# New Rank Onboard Merchant Navy Vessels?



## Kneth (Aug 7, 2010)

Recently I was made to understand that a new rank exists onboard Merchant Navy vessels called an Administrative Officer.

Has anybody heard about this? Could it be a 'replacement Purser'?


----------



## Ray Mac (Sep 22, 2007)

I would imagine on the cruise boats 

Ray


----------



## Satanic Mechanic (Feb 23, 2009)

No - some vessels are carrying them (Shell were for a while) at the same level as 4/E, 3/O due to the sheer amount of paperwork these days.
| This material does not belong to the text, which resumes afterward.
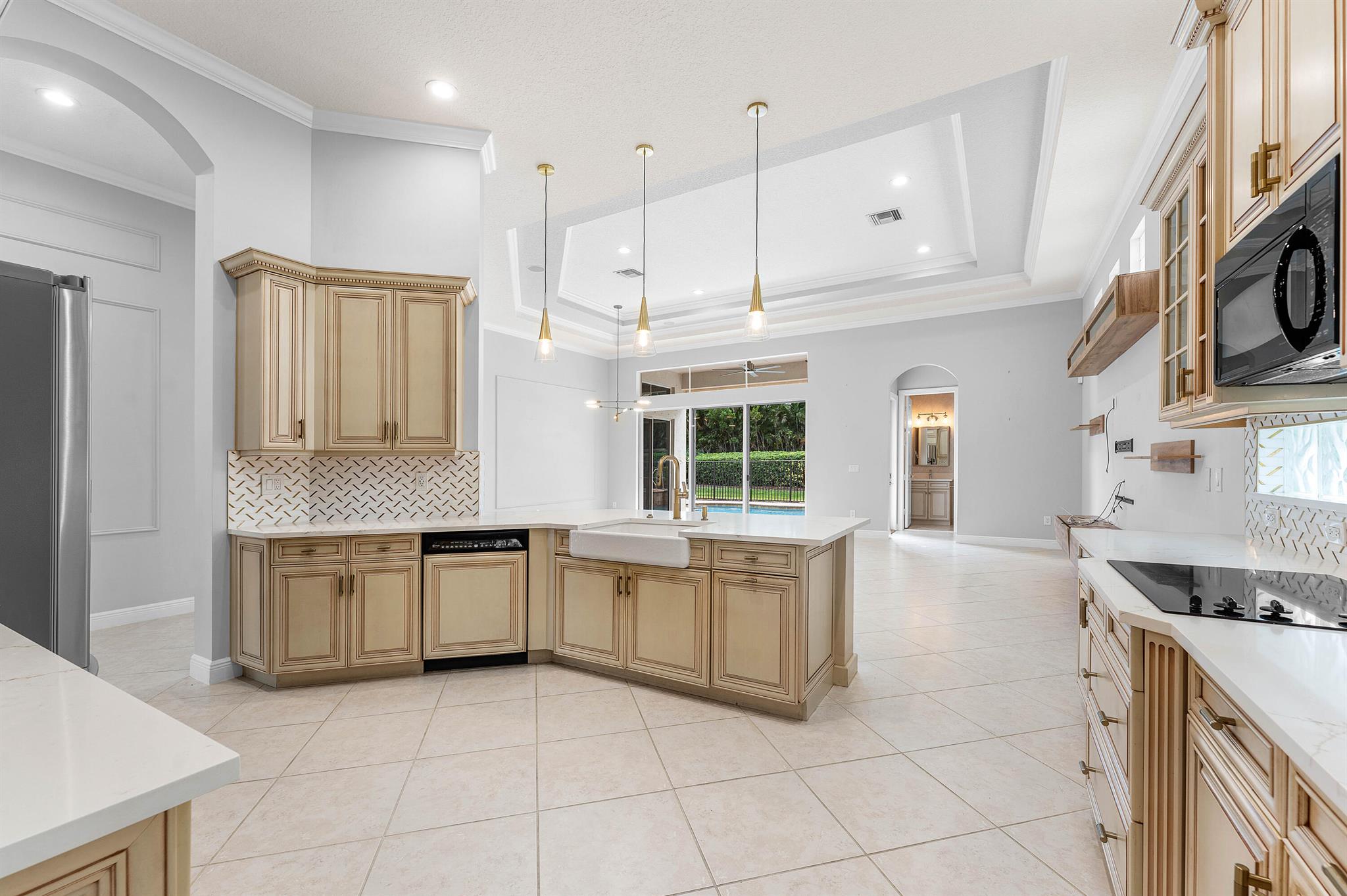 Mizner Country Club - Residential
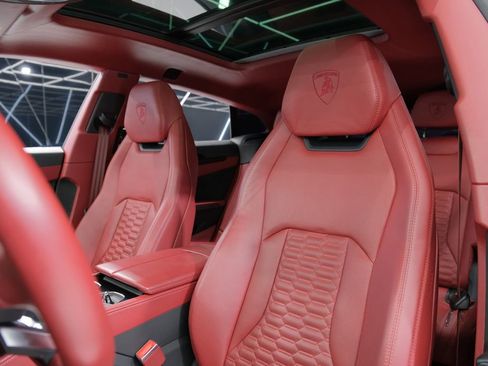 Used 2022 Lamborghini Urus image 21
Sometimes it is a temporary thing


----------



## Andrew Craig-Bennett (Mar 13, 2007)

The return of the Captain's Writer, rather than the Purser, perhaps?
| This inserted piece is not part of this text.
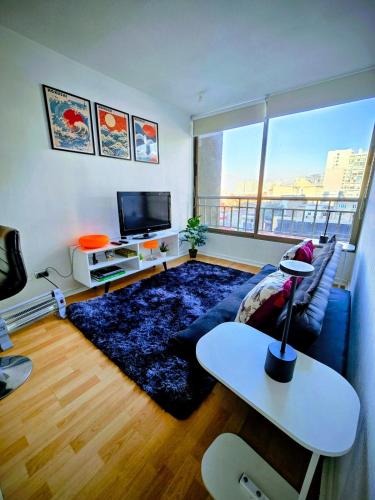 Comfortable apartment steps from the subway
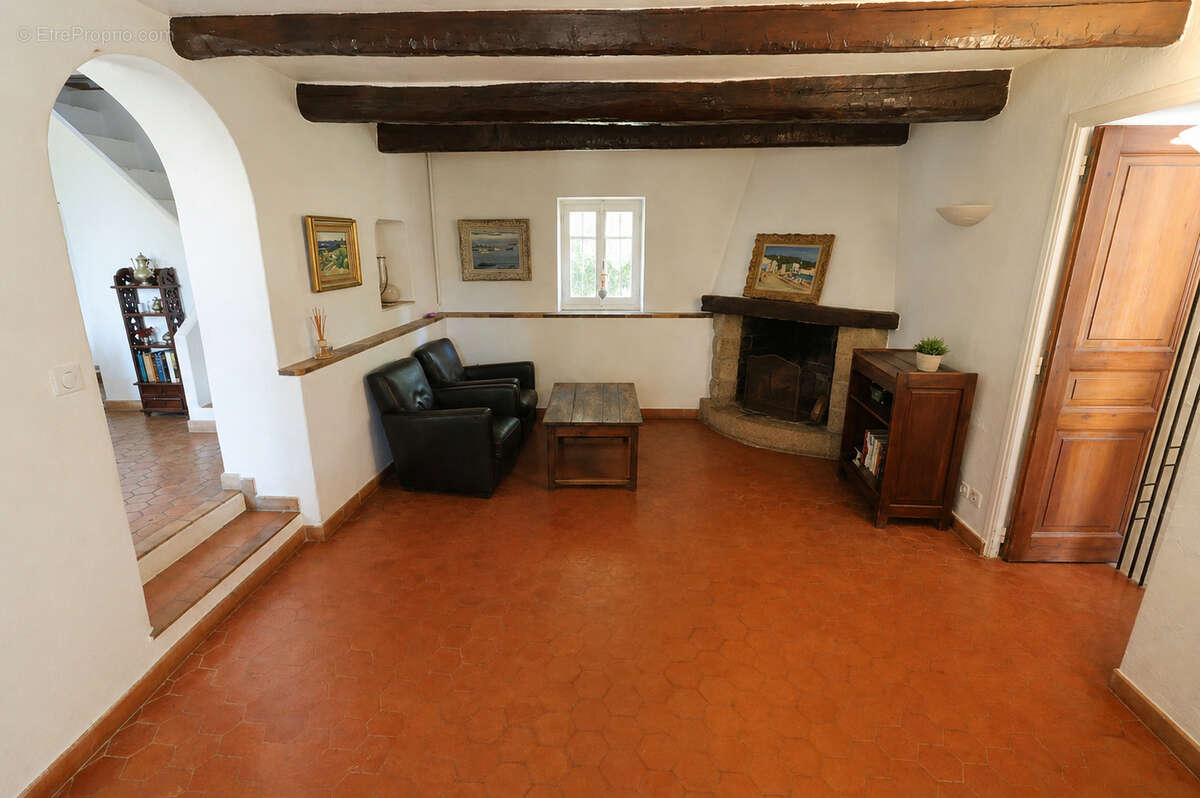 Mas Grasse saint Jacques 170 m² avec jolie jardin et piscine - photo 13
Actually, a very good idea, if owners and managers can be persuaded to fork over the dosh for the position.

I am very sure that I am not alone in groaning at the ever increasing paper work, one of the aspects of this that gets insufficient attention is the problem that the ship has with just filing the stuff.

The Purser's job, which has of course devolved upon the Master, is not so demanding as it was when there were Pursers in the victualling paying and storing and general crew well being side of things.
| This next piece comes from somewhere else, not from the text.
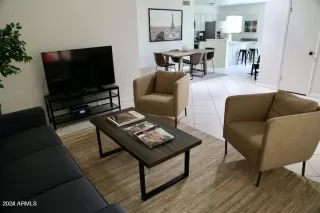 Photo #5: 6765842 Listing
The R/O's job has been split into two parts - one part has gone to create the EL/O's job, which combines it with the Electrician's job, and the other part was the "Captain's Writer" aspect of being Sparks, which has landed back on the Master again.

I think that there is a need for taking the residual Purser's job and the residual Radio Officer's job and the Captain's Writer's job and combining them into the Administrative Officer's job.


----------



## chadburn (Jun 2, 2008)

Bearing in mind the amount of paperwork required these day's and the complaint's mentioned on this Site about the paperwork that has to be done and impact it has on the Navigational duties with reduced manning, (not taking a decent rest period due to paperwork) it seems like a good idea.


----------



## Burntisland Ship Yard (Aug 2, 2008)

Is this "ship board management" this was coming in on my last cruise on the Ghent, is hard copy paper work increasing now......just curious...


----------



## Ian Brown (Jun 25, 2008)

I can confirm that paperwork is now more than ever. It used to be 'The job's not finished until the paperwork is done' but now it's trying to squeeze the 'real' job into the gaps between doing the paperwork.
Ships preformance is largely measured on the state of the paperwork. I am always amazed that the actual cargo operations are usually completely ignored by our various inspectors who have their heads buried cross checking our paperwork against log entries etc.
Having been Master with Chief Stewards and R/Os I would welcome an Administration Officer but suspect the time it would take to train them and check their work would just add to my work load.


----------